I have made it a little tradition of this page, that at the gate of the new season, I write a contemplative essay, rather a purely intellectual one. As much as I enjoy pure intellectualism, weighting theories and ideas, and finding a way to apply them in life, in contemplation, one offers an opportunity to connect, engage in the world-altering experience exchange that saves the world, of which Solzhentysin spoke in his Nobel speech.

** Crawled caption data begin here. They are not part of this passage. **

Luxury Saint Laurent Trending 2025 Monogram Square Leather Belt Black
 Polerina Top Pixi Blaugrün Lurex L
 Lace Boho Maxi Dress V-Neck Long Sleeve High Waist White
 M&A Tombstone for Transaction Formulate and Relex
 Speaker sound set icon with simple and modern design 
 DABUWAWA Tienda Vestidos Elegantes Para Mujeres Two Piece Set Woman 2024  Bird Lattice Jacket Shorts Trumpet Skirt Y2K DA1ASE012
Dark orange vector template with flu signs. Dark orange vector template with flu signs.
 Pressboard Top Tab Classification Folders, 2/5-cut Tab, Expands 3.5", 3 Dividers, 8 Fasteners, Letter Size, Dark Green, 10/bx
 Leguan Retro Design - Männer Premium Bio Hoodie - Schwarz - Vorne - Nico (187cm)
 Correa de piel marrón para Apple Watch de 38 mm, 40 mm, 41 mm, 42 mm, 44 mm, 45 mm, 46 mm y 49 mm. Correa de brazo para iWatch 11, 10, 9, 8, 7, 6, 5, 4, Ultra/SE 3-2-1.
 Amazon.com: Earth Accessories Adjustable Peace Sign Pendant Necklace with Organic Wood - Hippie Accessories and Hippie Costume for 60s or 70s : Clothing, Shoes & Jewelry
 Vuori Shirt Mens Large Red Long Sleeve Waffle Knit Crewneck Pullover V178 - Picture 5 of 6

Late summer and early fall are abundant seasons - the harvest, the fruit of the labour of the whole year comes to be visible as we prepare for the cold, and contemplative winter. It is a season, that is, if we speak of archetypes, connected to vegetation deities, and deities connected to eros - Dionysus, Demeter, Aphrodite, Pan, all which represent the sensual, the earthy, the erotic. Such a season is perhaps wonderful to reflect on the role of pleasure in our lives, and to purify the notion of pleasure from the both attacks of puritans and others who still fail to see in it nothing but either a damnation or cheap escapism.
Ever since I read it, I like to go back to Yourcenar's book "Memoirs of Hadrian"; Hadrian has always been my favourite Roman Emperor - a visionary, who tried to dress the world in beauty. Yourcenar's book, although fictional, seems to be in alignment with the Emperor's constitution that while reading, I would often forget it is a word of fiction. In this book, there is a quote that I would like to use here and it goes: "I have thought sometimes of constructing a system of human knowledge that would be based on eroticism, a theory of contact wherein the mysterious value of each being is to offer us just that point of perspective which another world affords. In such a philosophy, pleasure would be a more complete, but also more specialized form of the Other, one more technique for getting to know what is not ourselves. In the least sensual encounters it is still our contacts that emotion begins, or ends; the somewhat repugnant hand of the old woman who presents me her petition, the moist brow of my father in death's agony, the wound which I wash for the injured soldier. Even the most intellectual or the most neutral exchanges are made through this system of body-signals; the sudden enlightenment on the face of tribune to whom a maneuver is explained on the morning of the battle, the impersonal salute of a subordinate whom my passing fixes into an attitude of attention, the friendly glance of a slave at my thanks for the tray which he brings me, or the appreciative grimace of an old friend to whom a rare cameo is given. The slightest and most superficial contacts are enough for us with most persons, or prove even too much. But when these contacts persist and multiply about one unique being, to the point of embracing him entirely, when each fabrication of the body becomes laden for us with meaning as overpowering as that of the face itself, when this creature haunts us like music and torments us like a problem (instead of inspiring in us, at most irritation, amusement, or boredom), when he passes from the periphery of the universe to its center and finally becomes for us more indispensable than ourselves, the astonishing prodigy takes place where I see much more invasion of the flesh by the spirit than a simple play of the body alone."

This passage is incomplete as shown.